[Dataset records]
◆ ◆ ◆ ◆

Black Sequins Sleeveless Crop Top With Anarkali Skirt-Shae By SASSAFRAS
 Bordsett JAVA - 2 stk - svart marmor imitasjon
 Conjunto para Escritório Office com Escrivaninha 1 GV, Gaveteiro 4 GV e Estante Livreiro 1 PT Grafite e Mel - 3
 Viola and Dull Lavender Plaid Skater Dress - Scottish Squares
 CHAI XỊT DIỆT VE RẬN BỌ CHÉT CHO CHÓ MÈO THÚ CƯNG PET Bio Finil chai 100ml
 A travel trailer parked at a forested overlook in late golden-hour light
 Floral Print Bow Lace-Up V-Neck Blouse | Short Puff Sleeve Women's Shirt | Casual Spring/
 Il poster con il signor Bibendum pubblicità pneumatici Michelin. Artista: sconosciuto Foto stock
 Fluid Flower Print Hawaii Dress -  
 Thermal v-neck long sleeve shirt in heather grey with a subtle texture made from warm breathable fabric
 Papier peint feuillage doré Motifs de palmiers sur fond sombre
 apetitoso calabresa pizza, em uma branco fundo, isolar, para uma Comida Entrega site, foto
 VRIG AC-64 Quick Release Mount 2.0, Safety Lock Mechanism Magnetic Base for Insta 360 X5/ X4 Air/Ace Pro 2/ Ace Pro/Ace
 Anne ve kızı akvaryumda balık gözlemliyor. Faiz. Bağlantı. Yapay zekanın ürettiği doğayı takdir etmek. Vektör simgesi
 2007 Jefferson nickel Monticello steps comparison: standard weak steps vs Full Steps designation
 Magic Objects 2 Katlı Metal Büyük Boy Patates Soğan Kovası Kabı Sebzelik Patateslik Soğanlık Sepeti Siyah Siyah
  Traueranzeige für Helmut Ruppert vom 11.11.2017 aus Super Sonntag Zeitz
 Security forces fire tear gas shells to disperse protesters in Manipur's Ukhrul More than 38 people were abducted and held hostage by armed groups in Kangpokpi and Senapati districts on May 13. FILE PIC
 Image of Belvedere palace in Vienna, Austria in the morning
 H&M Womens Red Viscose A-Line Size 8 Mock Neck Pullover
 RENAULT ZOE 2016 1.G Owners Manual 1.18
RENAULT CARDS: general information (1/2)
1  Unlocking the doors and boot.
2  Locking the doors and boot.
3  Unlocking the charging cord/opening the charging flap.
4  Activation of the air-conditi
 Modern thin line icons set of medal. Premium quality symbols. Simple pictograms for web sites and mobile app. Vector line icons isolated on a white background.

◆ ◆ ◆ ◆

Go through the data above from its first line and copy each line exactly, stopping once the line with "Viola and Dull" has been copied.

Black Sequins Sleeveless Crop Top With Anarkali Skirt-Shae By SASSAFRAS
 Bordsett JAVA - 2 stk - svart marmor imitasjon
 Conjunto para Escritório Office com Escrivaninha 1 GV, Gaveteiro 4 GV e Estante Livreiro 1 PT Grafite e Mel - 3
 Viola and Dull Lavender Plaid Skater Dress - Scottish Squares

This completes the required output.